I take some issue with the open source suggestion. Yes you could audit every function and trace how it works...or you could write it yourself. To be qualified to do one would qualify you to do the then you'll also have some security (IP reasons) and revision control of your code.

curt wuollet

No, the government agencies don't make it safer. No other regulatory entity does either. But they can make it legal or at least defensible.

And if you feel safer with code that nobody can audit, I've got a used car for you, sight unseen. By the time you get down to something that anyone will certify, your choices for a particular application will be quite limited. You might well _have_ to write your own. If it were my Iron Lung, it would be OSS or mechanical.

Perhaps this just shows how little I know about OSS.... If anyone can audit, can anyone hack it? Can an competitor leech something important about your chemical process control or saboteur easily insert a malicious bug? Obfuscation is one benefit to custom/proprietary code.
Let's say a "plumber" gets access to a terminal in your large plant and knows what you're running.

There's no perfect defense. This is especially true of physical security. Then what?

curt wuollet

Well, first of all, if you don't have physical security, you have very little security whether the system is open or closed. But we are talking about safety and reliability, not security which is a whole nother animal.

Anyone in the world can read the entire source to the OS running on this machine. It's reliability is excellent, uptime is 100%, excluding when I take it down to blow it out. It may or may not be up to safety or critical standards depending on the need. How does the fact that it's all OSS make it any less reliable? In fact, the leading closed competitor has a rather dismal, but improving record on reliability. It's almost usable for non-critical tasks now. And obviously closing the source for Windows has not made it more secure.

But you are also confusing the OS with the application. The application is generally quite specific in critical/safety situations. It too should be auditable or at least reviewed. They are
seldom published, but having the source makes it auditable. And if it is well written, publishing the source should not make it less safe or more vulnerable. It is unlikely to be kept on the production system for the plumber to find. Your questions relate to how you protect your systems, rather than if the OS is safe and reliable. But in general, No to all.

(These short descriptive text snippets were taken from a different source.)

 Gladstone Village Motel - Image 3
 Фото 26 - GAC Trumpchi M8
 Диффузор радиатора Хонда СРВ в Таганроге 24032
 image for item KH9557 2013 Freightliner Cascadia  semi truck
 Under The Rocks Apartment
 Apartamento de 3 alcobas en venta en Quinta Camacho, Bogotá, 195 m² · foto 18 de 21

In reply to anon, if you have been following the news lately, you would see that there is a virus which is going around which is targeted at (Siemens) SCADA systems, and which is hoovering up data from databases for reasons which no one is sure of at this point. The application software, database, and operating system are all closed source proprietary products (Siemens and Microsoft).

To go back to your examples, how would this competitor get into your computer systems? Probably not by studying your source code. And if he could get in (perhaps your password was "1234"), I'm pretty sure that he isn't going to need the source code to do whatever he wants. After all, thousands of hackers are doing whatever they want with close source systems right now. The easiest thing to do would be to use an off the shelf virus, and I don't think I have to tell you where you will find lots of those.

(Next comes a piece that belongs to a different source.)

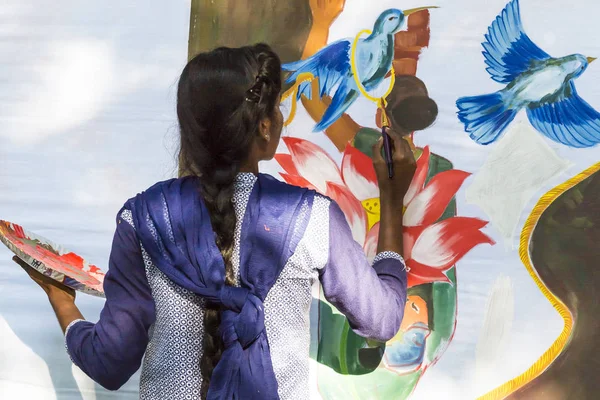 Belgesel yayın. Pondichery, Puduchery, Tamil Nadu, Hindistan - 8 Mart 2018. Uluslararası kadın günü için kimliği belirsiz kız öğrenciler kadın günün açık sembolleri boya vardır. Özgürlük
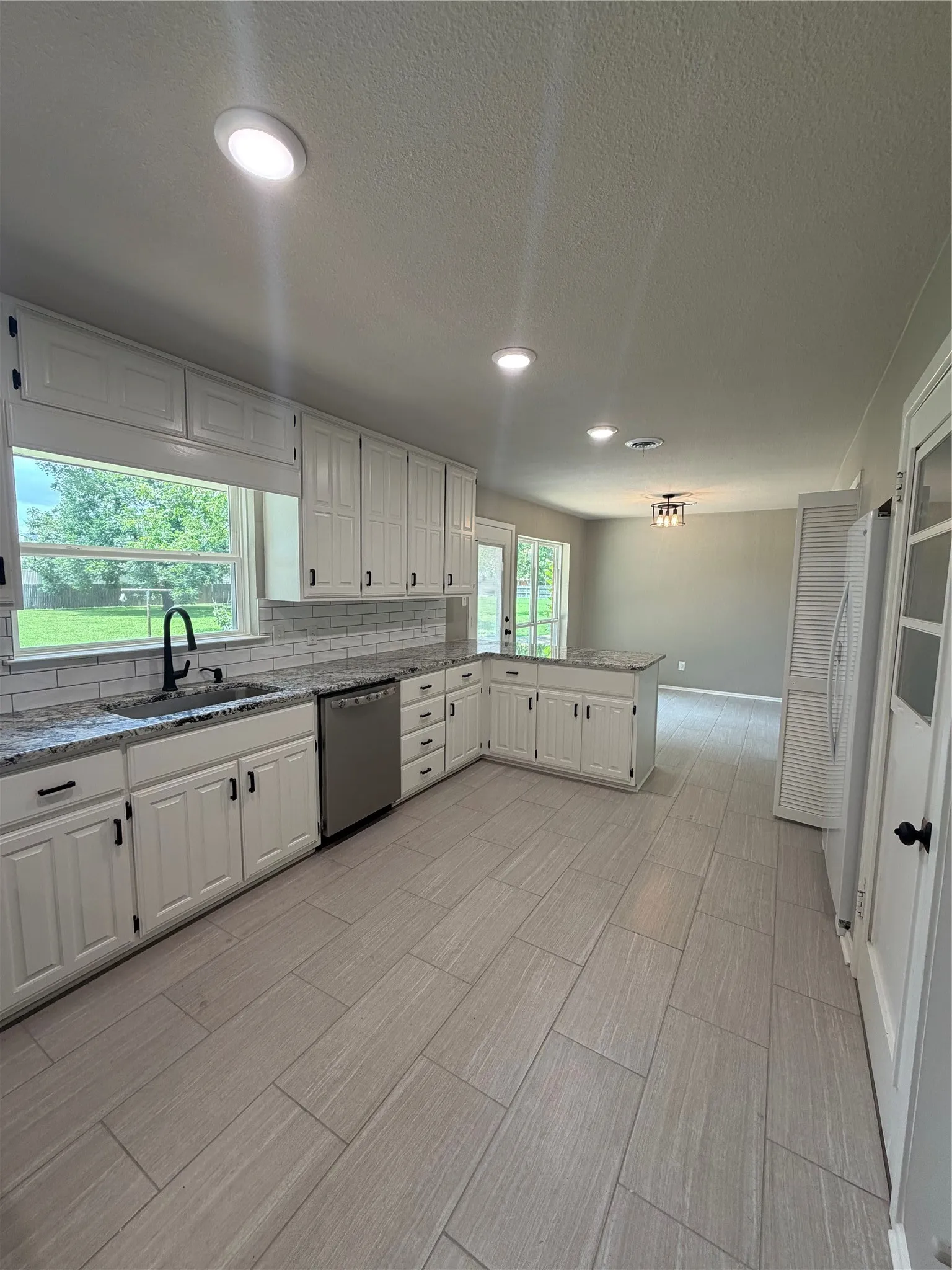 Single Family Residence For Sale in Hopkins County , 1601 San Jacinto Street, Sulphur Springs, Texas 75482, 3 Bedroom, 2 Bathroom, 2 Garage spaces, 1,870 Sqft, built in 1958, mls#21311866, Real Estate Agent in Sulphur Springs, Homes For Sale in Hopkins county, Homes For Sale in Sulphur Springs, Realtor in Sulphur Springs Texas, Real Estate Brokerage Independent Realty Texas, Luminita Cordes Realtor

Banks, stock markets, and major Internet infrastructure systems run on Linux or BSD with relatively few problems despite the huge amounts of money and bandwidth they represent. Tens of thousands of viruses take over MS Windows systems every single day despite the negligible reward to be gained. Look at the record. Look at the *facts*. Lack of source code has really been no hindrance to people designing viruses for closed source systems so far, has it?

A secure system does not depend on it being so obscure that few people know how it works. A genuinely secure system is secure even if all the details of it are public *except* your password. If you read any commentary on security, you will find a maxim that is repeated over and over again: "security by obscurity does not work".